Exploring Attitudes Toward Deficit-Financed Investments in the Economy

By Ethan Winter

In a new piece for the New York Times, economic reporter Talmon Joseph Smith outlines how inflation and a rising national debt have not decreased the appetite for United States Treasury bonds. The political upside of Smith’s reporting is that the United States is well-positioned to deficit-finance new spending. The challenge is then political. 

Gallup has compiled longitudinal data on concern about the deficit. As of March 2021, 49 percent of those surveyed said they worry “a great deal” about the debt. While this is high, the Gallup data also suggests that concern about the national debt is ebbing somewhat. In 2011, for instance, 64 percent of those surveyed said they were concerned “a great deal” about the debt. 

From January 19 to 20, 2022, Data for Progress conducted a survey of 1,305 likely voters nationally to measure attitudes toward deficit spending and the national debt. Specifically, we sought to measure whether or not mention of the low interest rates currently available to the U.S. government is an effective argument in favor of deficit financing. 

In the first experiment, likely voters were asked if they think the government should be doing more or less to generate economic growth, or if they think the government is already doing enough. Likely voters were then reasked the same question, this time telling them that these government efforts would involve taking on more debt. 

Sixty-two percent of likely voters say they want the government to be “doing more” to generate economic growth.

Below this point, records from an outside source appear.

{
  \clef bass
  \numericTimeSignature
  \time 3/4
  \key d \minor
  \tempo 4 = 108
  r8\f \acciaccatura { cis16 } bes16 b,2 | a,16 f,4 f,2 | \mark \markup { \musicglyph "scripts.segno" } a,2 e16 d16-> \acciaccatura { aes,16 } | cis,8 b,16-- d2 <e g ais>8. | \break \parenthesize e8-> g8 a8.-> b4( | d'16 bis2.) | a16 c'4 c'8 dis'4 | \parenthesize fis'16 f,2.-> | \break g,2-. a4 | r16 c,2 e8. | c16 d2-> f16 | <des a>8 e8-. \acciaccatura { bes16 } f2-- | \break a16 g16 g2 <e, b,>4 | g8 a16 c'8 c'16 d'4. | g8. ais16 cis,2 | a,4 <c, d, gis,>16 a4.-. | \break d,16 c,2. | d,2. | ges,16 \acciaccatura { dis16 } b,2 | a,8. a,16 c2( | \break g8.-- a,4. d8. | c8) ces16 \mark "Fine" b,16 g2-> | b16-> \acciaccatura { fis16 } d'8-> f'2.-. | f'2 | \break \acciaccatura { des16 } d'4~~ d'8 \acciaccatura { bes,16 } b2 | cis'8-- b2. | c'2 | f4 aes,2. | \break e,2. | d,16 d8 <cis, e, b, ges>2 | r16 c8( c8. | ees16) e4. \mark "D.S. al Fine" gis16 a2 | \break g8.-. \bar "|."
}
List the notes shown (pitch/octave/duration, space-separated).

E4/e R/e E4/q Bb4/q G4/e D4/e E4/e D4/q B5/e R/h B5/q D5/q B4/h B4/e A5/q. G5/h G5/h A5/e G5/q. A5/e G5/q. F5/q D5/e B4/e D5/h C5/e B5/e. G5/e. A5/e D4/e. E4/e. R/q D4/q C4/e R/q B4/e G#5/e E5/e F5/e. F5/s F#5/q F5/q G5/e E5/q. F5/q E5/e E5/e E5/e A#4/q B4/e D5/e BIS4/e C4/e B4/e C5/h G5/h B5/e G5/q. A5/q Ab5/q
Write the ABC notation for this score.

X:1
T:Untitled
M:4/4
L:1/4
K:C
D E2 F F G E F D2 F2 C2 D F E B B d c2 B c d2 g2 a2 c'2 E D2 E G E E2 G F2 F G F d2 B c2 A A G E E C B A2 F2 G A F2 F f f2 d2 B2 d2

This number falls by 13 points when voters are told this effort will involve the government taking on more debt. Nonetheless, 49 percent, a comfortable plurality, still want the government to be doing more to stimulate economic growth. While concerns about the deficit are important, larger concerns about the state of the economy outweigh the deficit in importance. 

 
 

Looking at attitudes across self-identifying partisanship, we can observe a familiar pattern. Sixty-six percent of self-identifying Democrats say they want the government to do more to generate economic growth. This falls by 5 points to 61 percent when reference to the national debt is made. Among likely voters who self-identify as Independent/third-party and Republican, the fall is larger — 14 points and 21 points, respectively — when they are told government efforts to create economic growth involve taking on more debt. 

 
 

The next experiment was set up in three parts. First, likely voters were asked if they would support $2 trillion in infrastructure spending over 10 years. Second, they were reasked the question, this time being told that this investment will add to the national debt. Third, support was asked a final time, with likely voters being told that, with interest rates on Treasury bonds below 2 percent, the government can make this investment cheaply, with the resulting growth paying for it in the long run. 

We find that support for investing in infrastructure is high initially, it dips when voters are told it would add to the national debt, and then some support is recovered after likely voters are told the statement about low interest rates and economic growth. Specifically, support for $2 trillion in infrastructure spending is +29 points on net, falling 23 points to +6 when voters are told about it adding to the debt, before increasing by 13 points to +19 on net in the third ask. 

 
 

When responses are broken out by self-identifying partisanship, we see a pattern in line with the first question. By a +73-point margin, Democrats support investing in infrastructure. Net support falls by 11 points to +62 when they are told this would add to the national debt. Support remains at +62 points in the third iteration of the question when Democrats are served the statement about the low interest rates.

Independents and Republicans again display far more concern about the national debt. Independents initially support the infrastructure spending by +29 points. Net support falls by 31 points when they’re told this would add to the debt, before increasing by 22 points in the third iteration of the question. Republicans begin skeptical of investing in infrastructure, opposing it by a -14-point margin, on net. When they are told this proposal would add to the national debt, opposition increases by +28 points. Attitudes shift back somewhat when Republicans are told about low interest rates, with net support increasing by +18 points.

 
 

Voters want the government to do more to generate economic growth in general and particularly support investing in infrastructure. How these efforts are paid for matters. When voters are told government efforts involve adding to the national debt, support declines. However, there is evidence drawn from the Gallup tracking data that concern over the national debt is declining. There is a degree of partisan sorting on the issue. Independents and Republicans evince higher concern over the debt than Democrats. Emphasizing that low interest makes deficit financing affordable stands out as a strong argument for adding to the national debt. 


Ethan Winter is a senior analyst at Data for Progress.